The same is the case with the intuitive faculty; all possess it, but in different degrees. Man's intuitive power is especially strong in things which he has well comprehended, and in which his mind is much engaged. Thus you may yourself guess correctly that a certain person said or did a certain thing in a certain matter. Some persons are so strong and sound in their imagination and intuitive faculty that, when they assume a thing to be in existence, the reality either entirely or partly confirms their assumption. Although the causes of this assumption are numerous, and include many preceding, succeeding, and present circumstances, by means of the intuitive faculty the intellect can pass over all these causes, and draw inferences from them very quickly, almost instantaneously. This same faculty enables some persons to foretell important coming events. The prophets must have had these two forces, courage and intuition, highly developed, and these were still more strengthened when they were under the influence of the Active Intellect. Their courage was so great that, e.g., Moses, with only a staff in his hand, dared to address a great king in his desire to deliver a nation from his service. He was not frightened or terrified, because he had been told, "I will be with thee" (Exod. iii. 12). The prophets have not all the same degree of courage, but none of them have been entirely without it. Thus Jeremiah is told: "Be not afraid of them," etc. (Jer. i. 8), and Ezekiel is exhorted, "Do not fear them or their word" (Ezek. ii. 6). In the same manner, you find that all prophets possessed great courage. Again, through the excellence of their intuitive faculty, they could quickly foretell the future, but this excellence, as is well known, likewise admits of different degrees.

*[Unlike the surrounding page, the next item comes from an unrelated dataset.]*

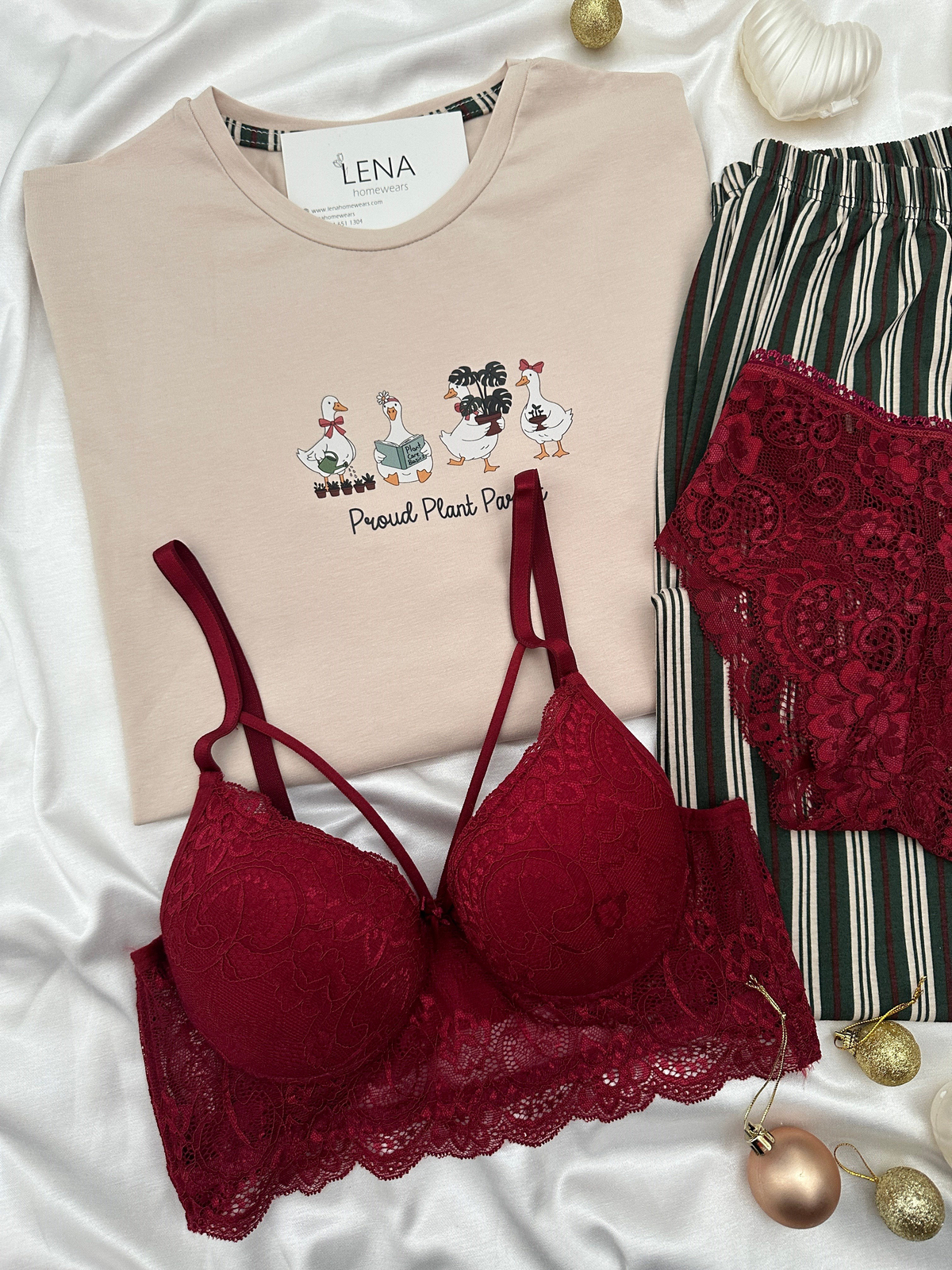 Bej Ördek Desenli Çizgili 4'lü Pamuklu Pijama Takımı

The true prophets undoubtedly conceive ideas that result from premisses which human reason could not comprehend by itself; thus they tell things which men could not tell by reason and ordinary imagination alone; for [the action of the prophets' mental capacities is influenced by] the same agent that causes the perfection of the imaginative faculty, and that enables the prophet thereby to foretell a future event with such clearness as if it was a thing already perceived with the senses, and only through them conveyed to his imagination. This agent perfects the prophet's mind, and influences it in such a manner that he conceives ideas which are confirmed by reality, and are so clear to him as if he deduced them by means of syllogisms.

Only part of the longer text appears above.